Use validated transport containers that maintain required temperature ranges and protect samples from vibration and shock. Avoid pneumatic tube systems for fragile specimens unless specifically qualified for hemolysis risk. Secure tubes in racks or cushioning materials during shipping. Limit transport time between clinic, central lab, and bioanalytical facility, and document conditions with temperature loggers when necessary. Establish clear handover procedures and chain‑of‑custody records so all sites understand how to protect samples that support DMPK, toxicokinetic, and regulatory‑critical analyses.
Even with best practices, some hemolysis occurs. Strong quality control, standardized hemolysis assessment, and robust bioanalytical methods reduce its impact on reported pharmacokinetic and safety data.
Use visual grading scales and, where applicable, spectrophotometric indices to assess hemolysis objectively in each sample.
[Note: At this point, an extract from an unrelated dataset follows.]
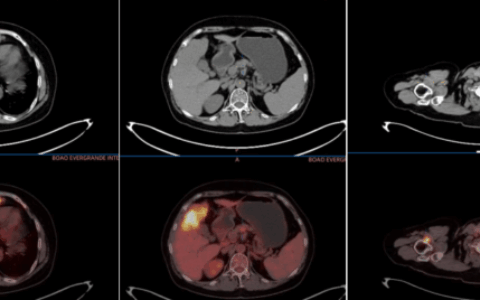 从绝望到希望：一位晚期胆管癌患者的生命逆袭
Document acceptance criteria for bioanalytical runs, including limits for hemolyzed specimens. Establish SOPs for when to repeat collections, dilute samples, or apply correction strategies. Include hemolysis checks in routine sample login and pre‑analysis review. Track hemolysis rates by site and phlebotomist to identify training needs. Integrate these metrics into overall study quality dashboards to support reliable DMPK interpretation and regulatory submissions.
Partner with specialized bioanalytical and DMPK service providers that design assays tolerant to moderate hemolysis and validate matrix effects thoroughly. Their platforms often include robust sample management systems, automated hemolysis flagging, and stability assessments in hemolyzed matrices. By outsourcing to experienced laboratories, sponsors gain consistent processing, central training programs, and harmonized global standards. These capabilities reduce data variability, minimize repeat sampling, and strengthen confidence in exposure–response analyses, dose selection, and safety margins in both nonclinical and clinical development.
Preventing hemolyzed blood in bioanalysis starts at the patient’s vein and continues through every pre‑analytical and analytical step. Standardized phlebotomy techniques, gentle handling, controlled centrifugation, and careful transport protect red cells and analytes. Combined with structured hemolysis detection, well‑defined acceptance criteria, and expert bioanalytical partners, these practices limit data loss and repeat draws. DMPK teams then work with cleaner concentration–time profiles, stronger exposure–response models, and more confident regulatory packages. Small improvements in hemolysis control can yield major gains in overall study reliability.